If the use of force does not meet these requirements, other officers have an absolute duty to intervene.

Our policy specifies that force be based on the nature of the crime, a subject’s physical size and actions, feasibility of alternative responses and availability of additional officers. It prohibits the use of vascular neck restraints and chokeholds.

Use of force is recorded on officers’ body cameras and evaluated not only by supervisors, but also by the department’s Force Review Board (FRB), which includes members of the community.

Misuse of force, including the failure of officers to intervene in stopping excessive force, can result in serious discipline, even termination. If a criminal act was potentially committed, a criminal investigation follows, and the case is referred to the Pima County Attorney’s Office.

Our commitment to diversity means we work hard to recruit officers from different backgrounds and life experiences, including officers from different races and ethnicities, women, and members of the LGBT community. Our goal is to have a department composed of highly qualified individuals who reflect the diverse community we serve.

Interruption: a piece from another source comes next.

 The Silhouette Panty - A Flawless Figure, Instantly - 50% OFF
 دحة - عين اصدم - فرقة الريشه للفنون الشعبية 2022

Training never stops for Tucson police officers. We train in the academy, in the field, and throughout officers’ careers — with more than just lectures.

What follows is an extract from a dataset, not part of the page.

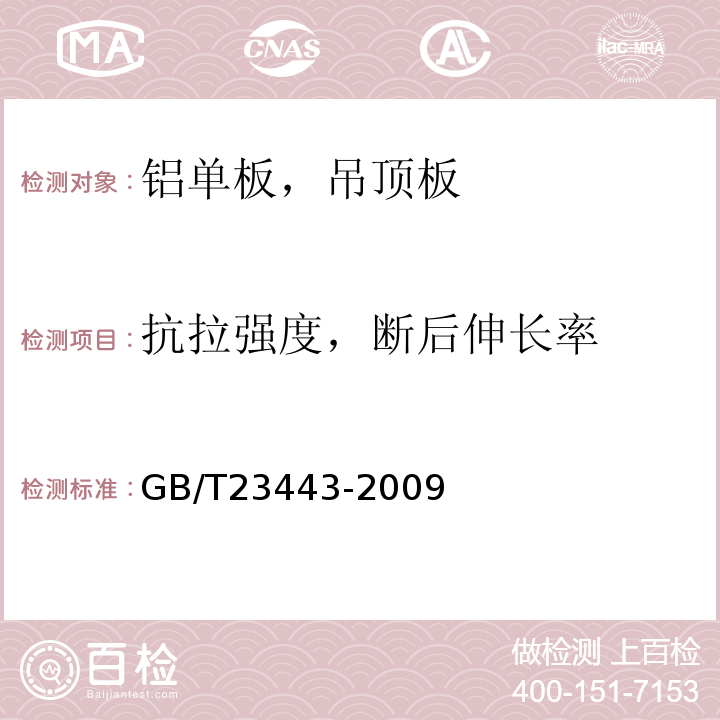 抗拉强度，断后伸长率 建筑装饰用铝单板 GB/T23443-2009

Officers participate in scenarios based on real life with the help of community members as role players. This helps them sharpen their skills, communicate effectively, and develop the judgment and reflexes necessary to manage a crisis. Our officers are regularly trained in de-escalation: lowering the temperature of interactions to lessen the intensity of confrontations.

They’re trained in cultural awareness and implicit bias: biases we all have at an unconscious level. They receive training on constitutional law, with a special focus on protecting civil rights. They’re also trained in defensive tactics that provide them with a wide range of options to deal with varying levels of resistance.

In our department, everyone is accountable for their decisions and actions, including me. Supervision and accountability come through the department’s chain of command. Lieutenants and sergeants play a critical role in making sure policies are followed at the line level — and holding officers accountable when they aren’t.

Accountability also comes through our Office of Professional Standards (OPS), which investigates complaints and determines whether policy violations have occurred. Investigations can be further reviewed by the Independent Police Auditor and the Community Police Advisory Review Board (appointed by the City Council). All OPS investigations and findings are public records.

We seek out community oversight — inviting diverse members of the community to participate on our Force Review Board, Critical Incident Review Board (CIRB), and Community Advisory Council.

The FRB and CIRB not only review use-of-force incidents, including officer-involved shootings, but also other incidents of high community concern. Their reviews include an assessment of department policies, training and supervision. Findings are always available to the public.

The tragic, senseless death of Mr. Floyd makes it that much harder for our dedicated men and women to fulfill their mission of public service. We have worked intentionally to build quality relationships with our residents based on communication, engagement, and accountability.

We have accomplished much but recognize there is still work to be done. I have faith in our department, the organizational culture we have fostered, and you.

Chris Magnus is chief of the Tucson Police Department.